▶ **Provided information**:
-- -- --

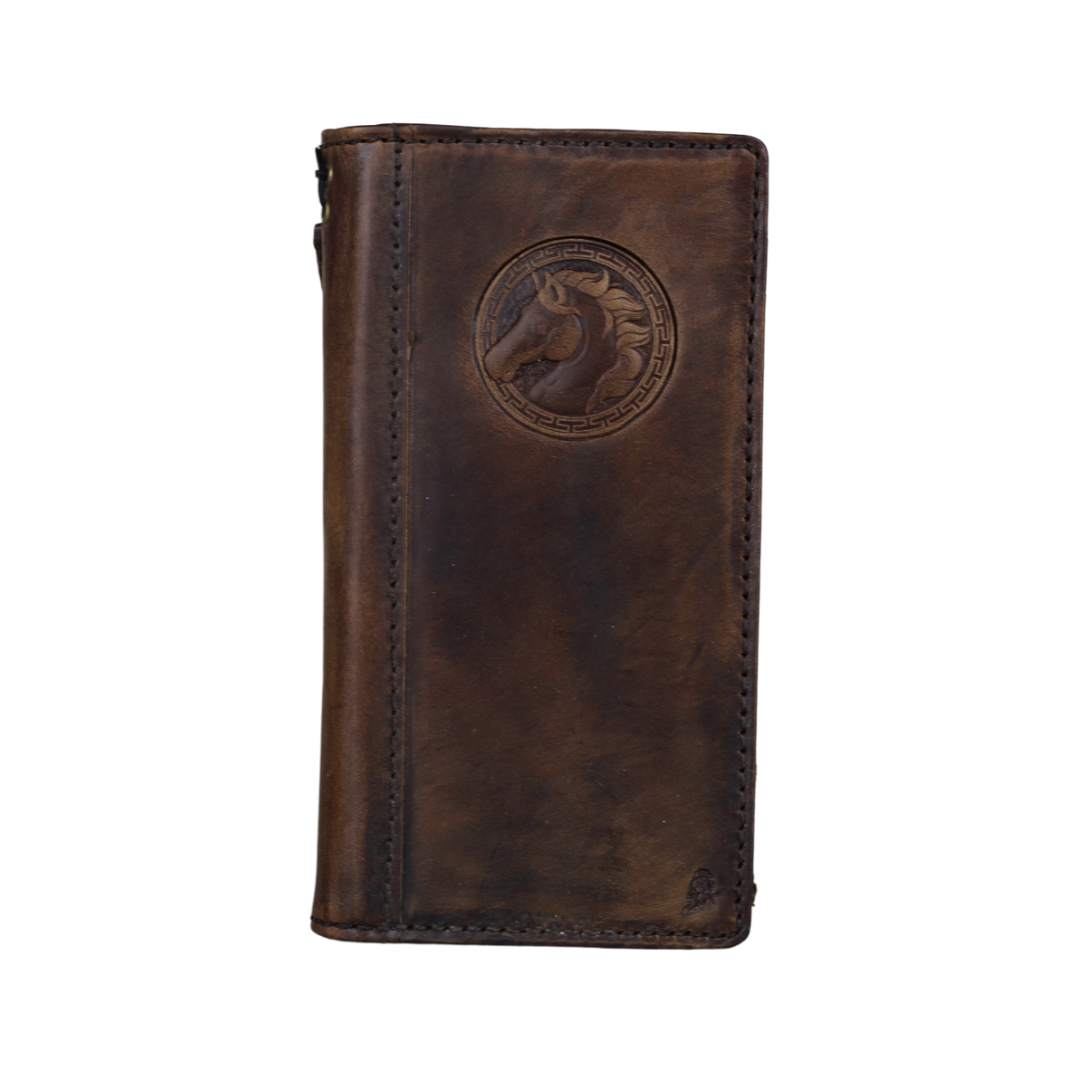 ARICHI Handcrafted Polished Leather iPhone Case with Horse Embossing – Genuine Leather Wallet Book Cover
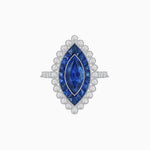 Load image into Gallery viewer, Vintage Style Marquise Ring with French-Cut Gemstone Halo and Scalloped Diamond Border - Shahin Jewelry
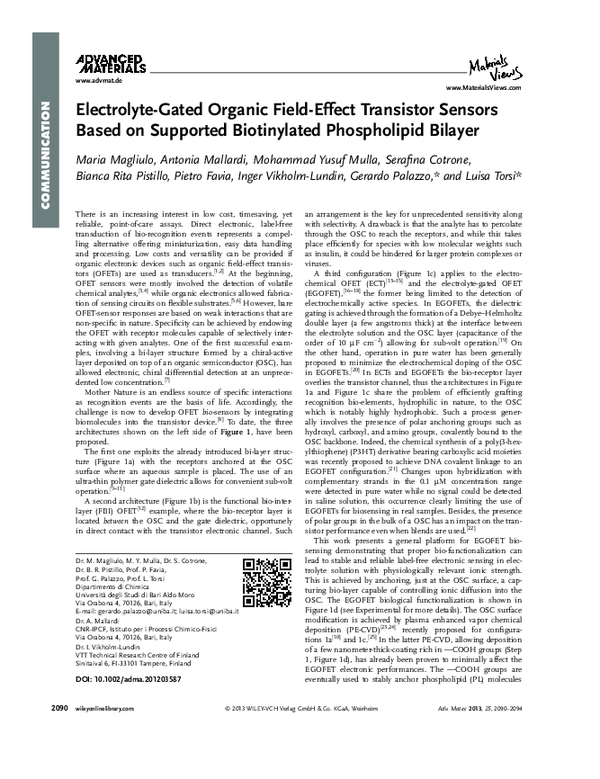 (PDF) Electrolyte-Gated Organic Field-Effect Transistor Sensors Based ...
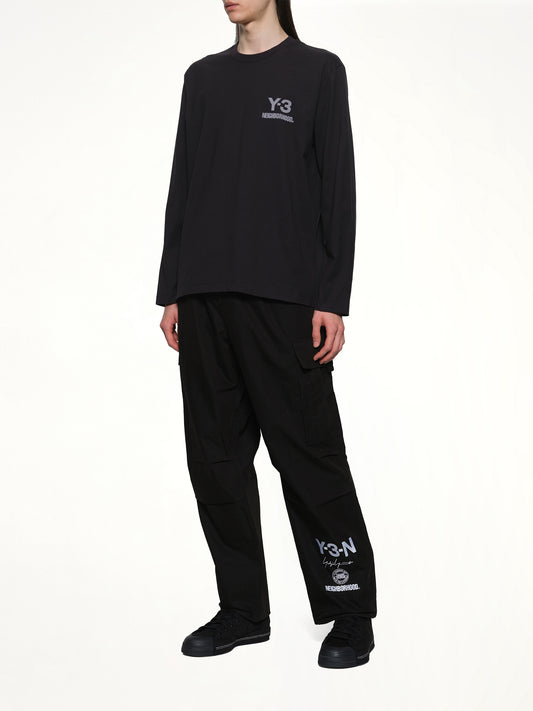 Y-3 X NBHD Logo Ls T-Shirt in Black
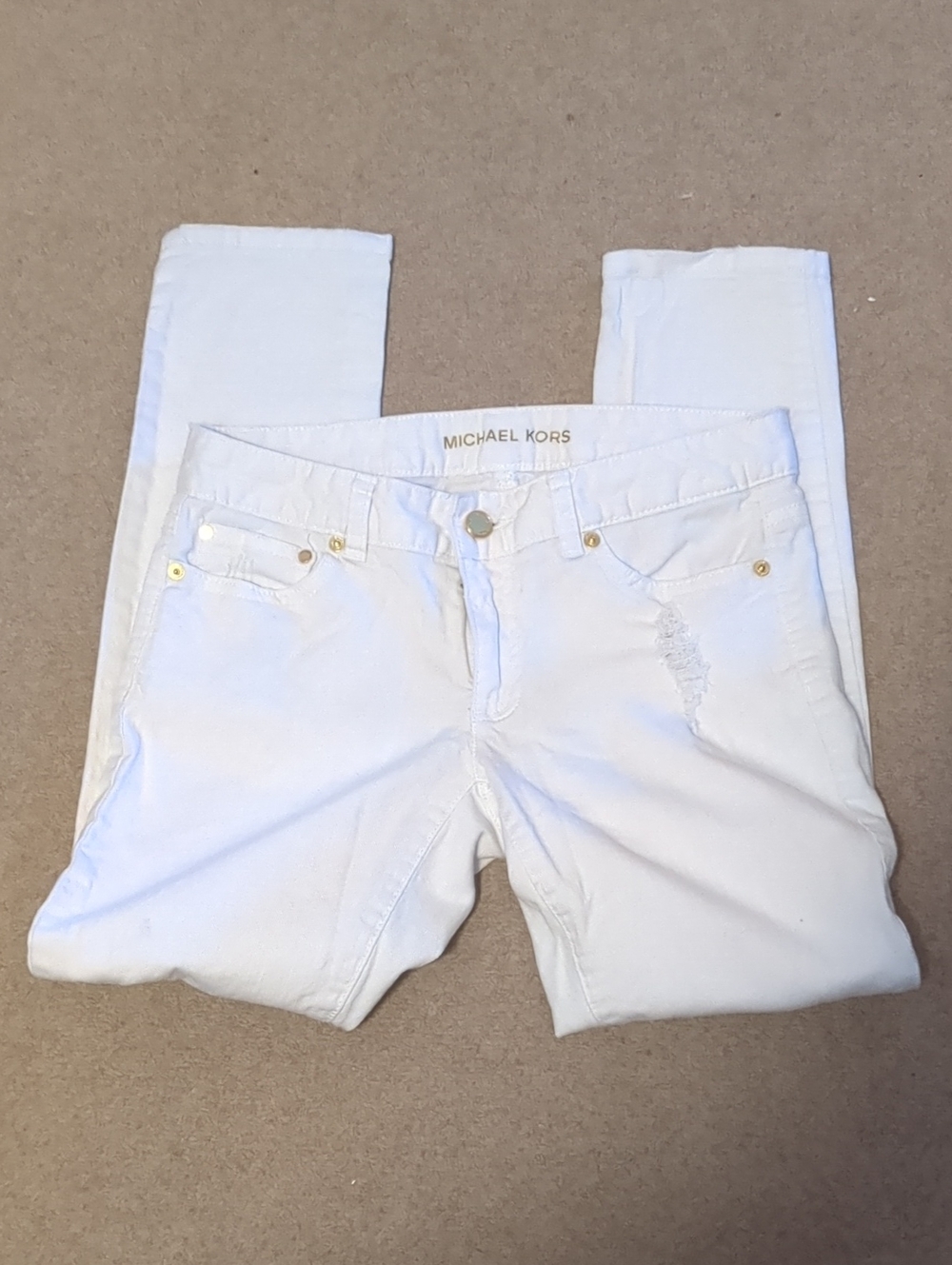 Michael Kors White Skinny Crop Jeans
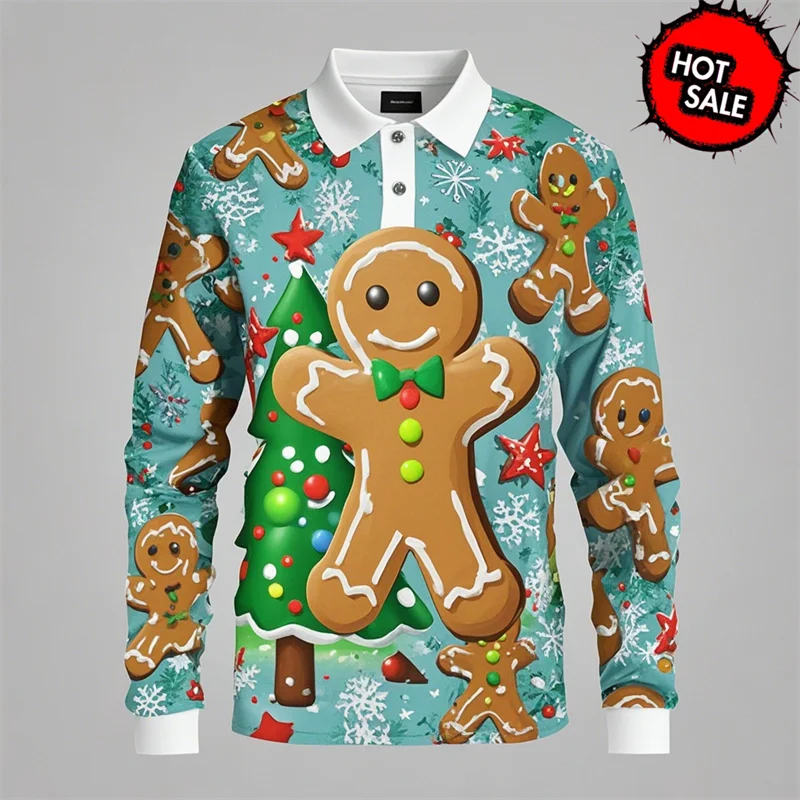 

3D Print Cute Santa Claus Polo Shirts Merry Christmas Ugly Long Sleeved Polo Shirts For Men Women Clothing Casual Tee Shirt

-- -- --

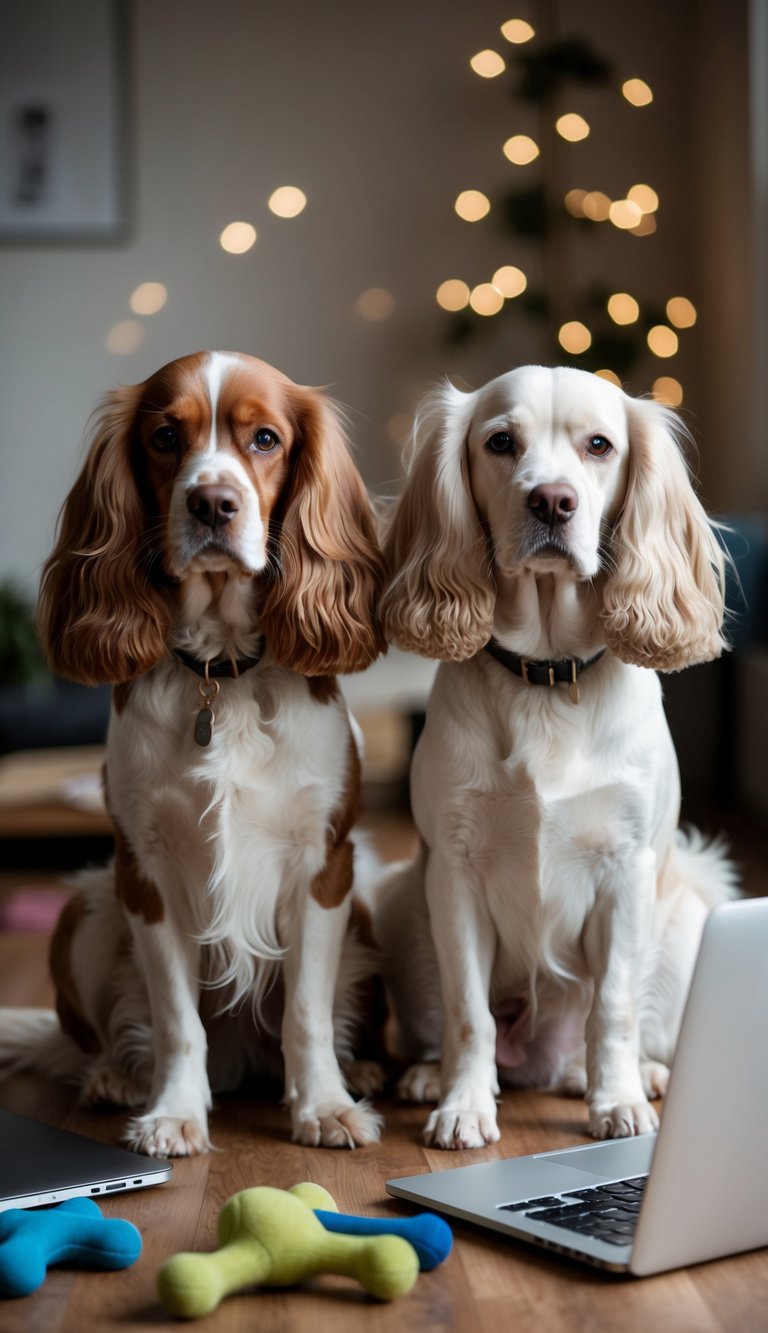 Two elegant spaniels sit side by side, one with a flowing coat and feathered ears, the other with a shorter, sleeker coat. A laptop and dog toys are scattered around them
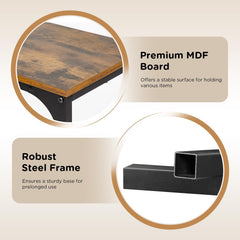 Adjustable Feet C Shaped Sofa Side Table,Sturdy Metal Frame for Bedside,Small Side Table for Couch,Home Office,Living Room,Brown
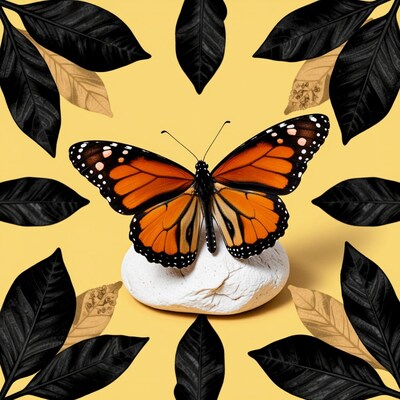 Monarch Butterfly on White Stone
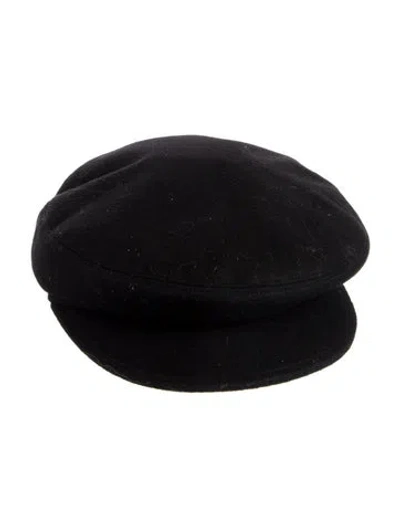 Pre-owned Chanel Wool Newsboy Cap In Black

-- -- --

▶ **What the task requires**: Between and including the line with "Two elegant spaniels" and the line with "Pre-owned Chanel Wool Newsboy Cap In Black", repeat every line exactly as it appears above, with pictures left out.

▶ **Response below**:
 Two elegant spaniels sit side by side, one with a flowing coat and feathered ears, the other with a shorter, sleeker coat. A laptop and dog toys are scattered around them
 Adjustable Feet C Shaped Sofa Side Table,Sturdy Metal Frame for Bedside,Small Side Table for Couch,Home Office,Living Room,Brown
 Monarch Butterfly on White Stone
 Pre-owned Chanel Wool Newsboy Cap In Black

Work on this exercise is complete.